Se entiende que las normas son necesarias para regular la convivencia y conjugar los intereses, a menudo opuestos, de los distintos grupos sociales, como pueden ser los de los peatones y los conductores. De tal modo que cuando alguien se salta un semáforo, no elabora discursos grandilocuentes sobre su libertad de movimientos. Lo hace y punto. Cuando le sorprenden, paga una multa. Si los conductores se erigieran en grupo de presión y consiguieran autorregularse, parece obvio que colocarían algunos semáforos allí donde no les molestaran, con el menor tiempo posible para el cruce de los peatones; y éstos quedarían bajo el dominio de normas impuestas por una sola parte, obligados a dar mil rodeos o cruzar jugándose la vida.
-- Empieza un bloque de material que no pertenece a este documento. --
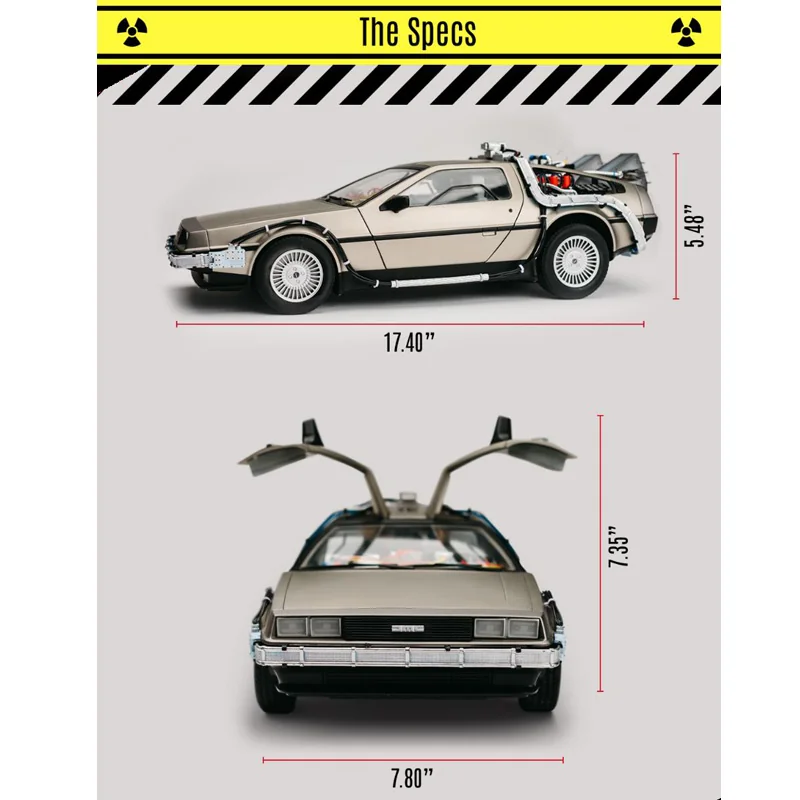 TK47555CS Back To The Future / Retour vers le Futur 1:10 Die Cast Delorean Replica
Con el discurso de la autorregulación, las corporaciones solicitan que se les permita detenerse en semáforos cómodamente colocados por ellas allí donde no estorban. Desconfían del Estado porque, en su intento de armonizar los intereses de toda la sociedad, puede obligarles a detenerse más a menudo y durante más tiempo, lo cual es sin duda un grave perjuicio, no para la libertad en general, sino para la suya en concreto.
La autorregulación se reivindica sobre todo en materias novedosas que responden a un cambio en la sensibilidad social.
Empezaron pidiéndola, por ejemplo, las tabaqueras en lo relativo a restringir su publicidad para no incitar a los menores a fumar. El paso de los años demostró que la responsabilidad de las grandes compañías siempre es menor que su ansia de beneficios y las limitaciones acabaron imponiéndose por ley, pero ganaron unos años de lucro.
Con los asuntos medioambientales ocurre algo semejante, como ilustra el caso recogido por Susan George en El informe Lugano . En los días previos a la Cumbre de Río del año 1992 el World Business Council for Sustainable Development, que agrupa a docenas de corporaciones transnacionales supuestamente partidarias del desarrollo sostenible, realizó un exhaustivo trabajo con el secretariado de la Cumbre. Su objetivo era impedir que se aprobara un Código de Conducta para las empresas, ya fuera vinculante o no, en materia medioambiental.
Prometieron autorregularse, presionaron para que se les liberara de las normas y así lograron que la Agenda 21 no contuviera obligación alguna para ellas.
«Tácitamente se reconocía que las corporaciones transnacionales deberían autorregularse individualmente», como afirma George. Así camparon a sus anchas unos años más, hasta que se aprobaron otros tratados, como el Protocolo de Kioto en 1997.